__Work instruction__: Beginning with the first line below, retype exactly each line through the one containing "So guys, we". Leave out all pictures.

__Recorded information__:
Start of Block
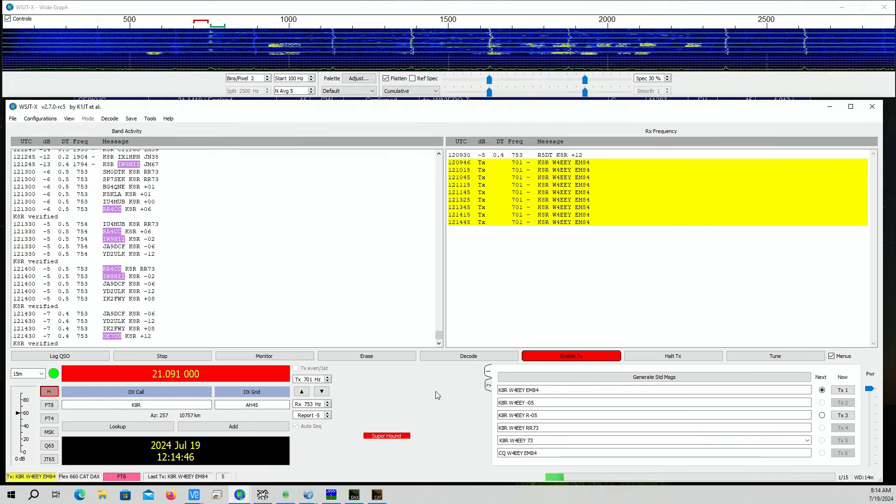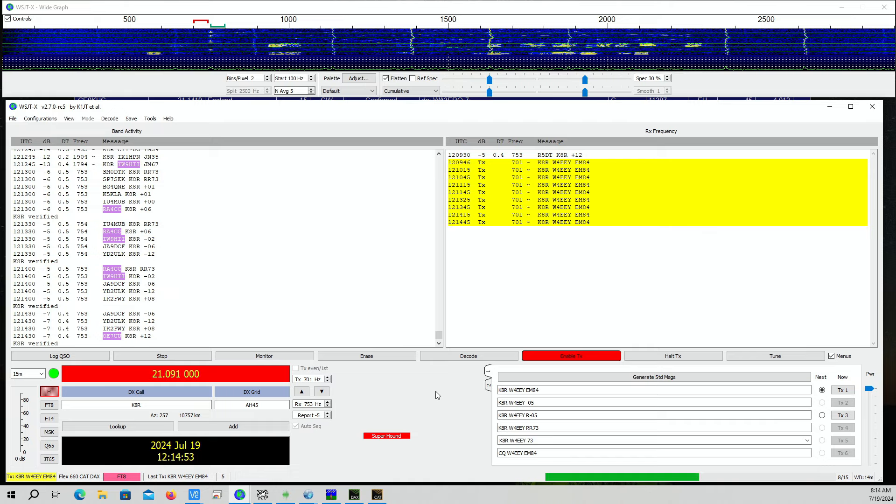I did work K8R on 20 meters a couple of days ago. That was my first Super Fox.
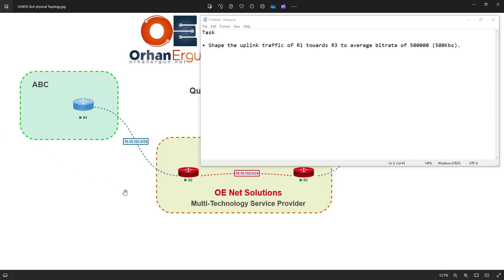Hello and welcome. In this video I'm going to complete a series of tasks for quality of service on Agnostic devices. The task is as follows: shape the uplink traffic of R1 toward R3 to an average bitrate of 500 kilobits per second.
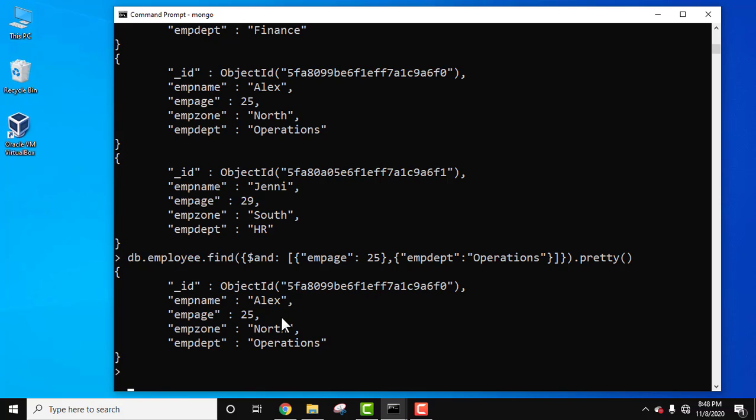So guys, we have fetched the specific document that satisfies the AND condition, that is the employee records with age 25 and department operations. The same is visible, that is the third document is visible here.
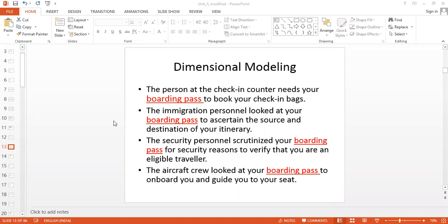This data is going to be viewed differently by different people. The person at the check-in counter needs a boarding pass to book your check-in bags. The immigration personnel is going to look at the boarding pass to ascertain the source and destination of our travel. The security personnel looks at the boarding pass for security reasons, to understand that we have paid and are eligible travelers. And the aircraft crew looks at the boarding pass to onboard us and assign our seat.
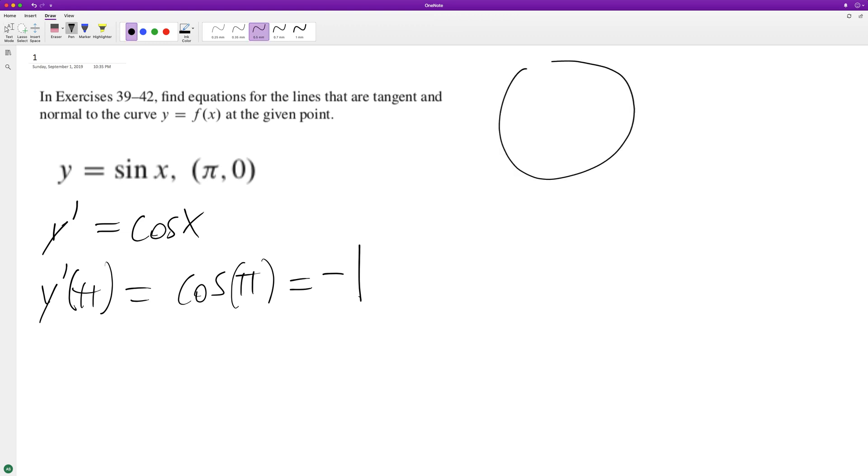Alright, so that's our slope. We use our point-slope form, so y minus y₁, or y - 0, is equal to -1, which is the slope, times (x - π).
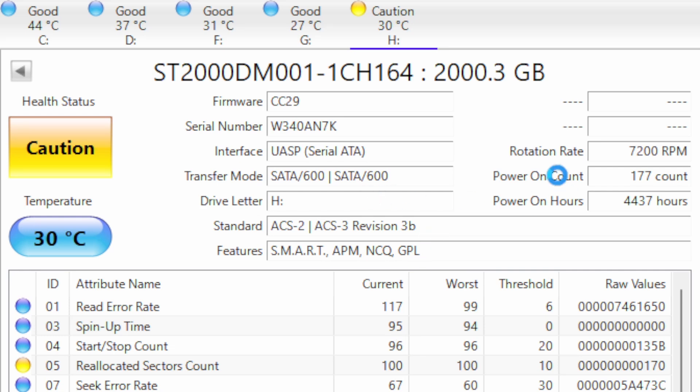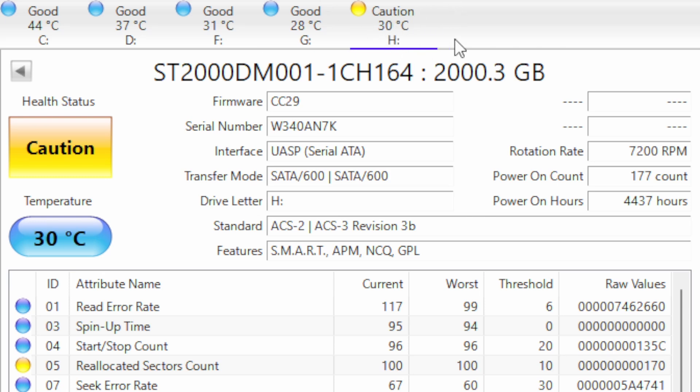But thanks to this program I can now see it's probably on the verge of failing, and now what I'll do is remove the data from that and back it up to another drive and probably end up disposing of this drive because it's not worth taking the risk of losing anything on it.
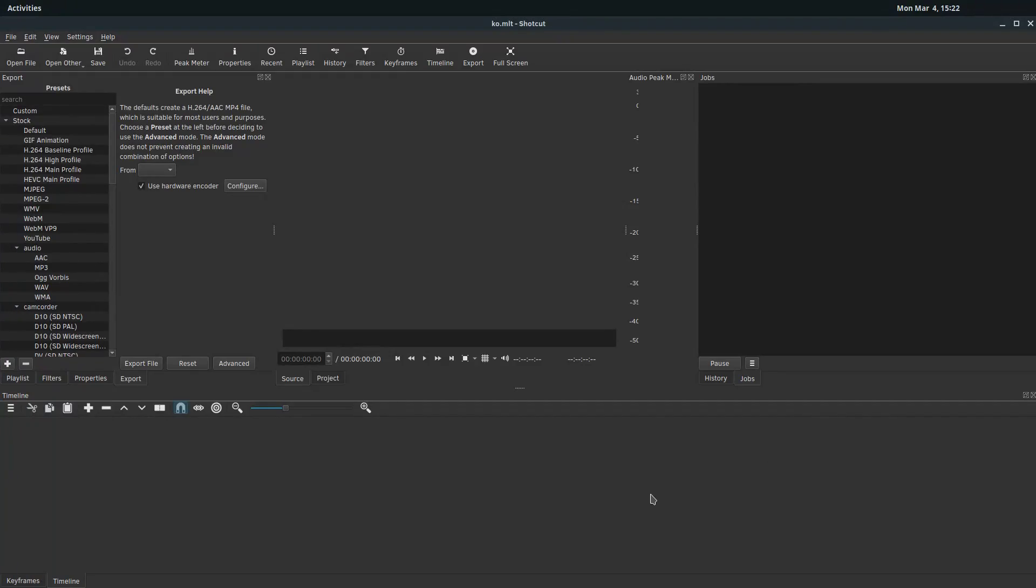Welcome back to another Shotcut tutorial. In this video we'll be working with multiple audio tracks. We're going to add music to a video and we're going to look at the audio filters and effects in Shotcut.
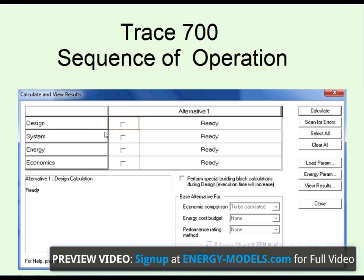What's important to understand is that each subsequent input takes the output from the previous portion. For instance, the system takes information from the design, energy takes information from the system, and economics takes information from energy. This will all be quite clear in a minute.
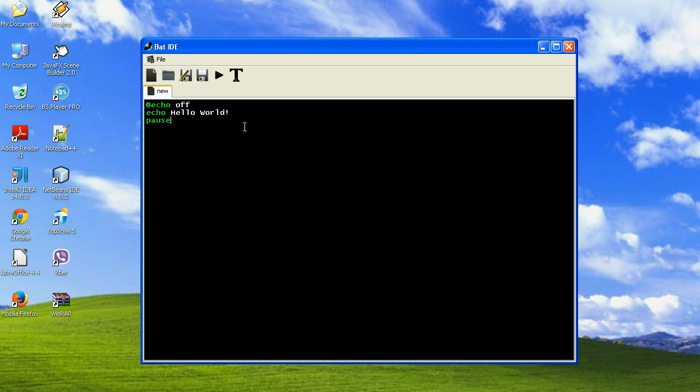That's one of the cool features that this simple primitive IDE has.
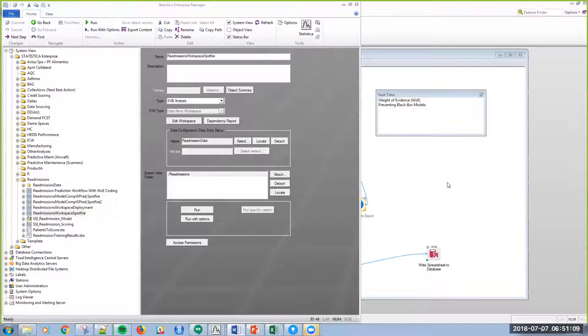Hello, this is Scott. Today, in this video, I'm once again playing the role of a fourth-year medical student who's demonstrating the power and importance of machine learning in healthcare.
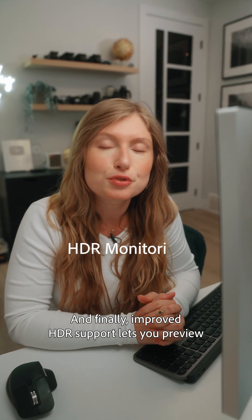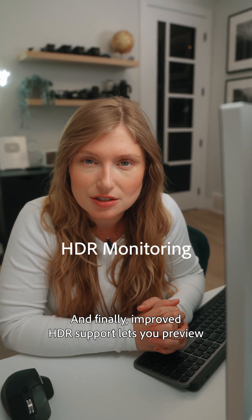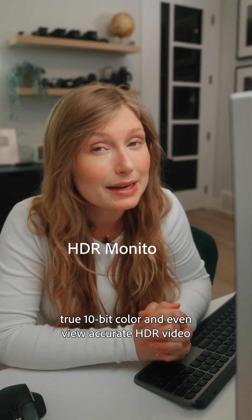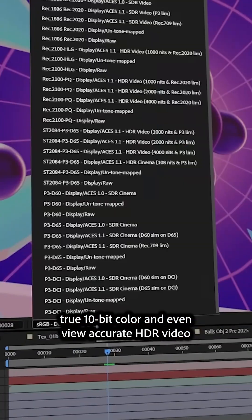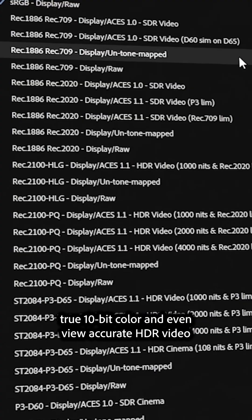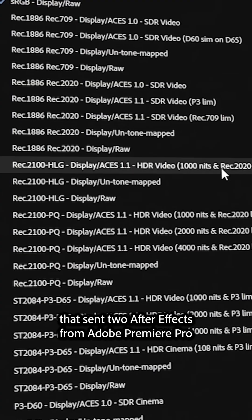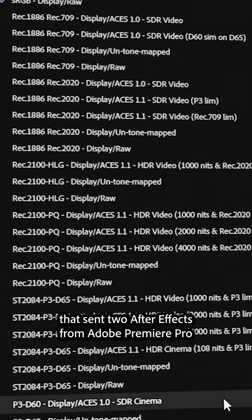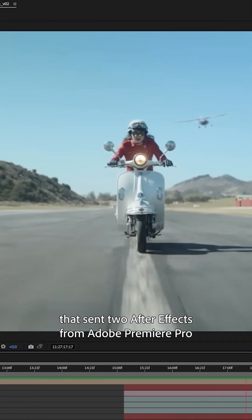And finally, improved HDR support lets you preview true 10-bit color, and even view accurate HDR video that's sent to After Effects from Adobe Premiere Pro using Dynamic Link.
End of Block
__Exercise answer__:
I did work K8R on 20 meters a couple of days ago. That was my first Super Fox.
Hello and welcome. In this video I'm going to complete a series of tasks for quality of service on Agnostic devices. The task is as follows: shape the uplink traffic of R1 toward R3 to an average bitrate of 500 kilobits per second.
So guys, we have fetched the specific document that satisfies the AND condition, that is the employee records with age 25 and department operations. The same is visible, that is the third document is visible here.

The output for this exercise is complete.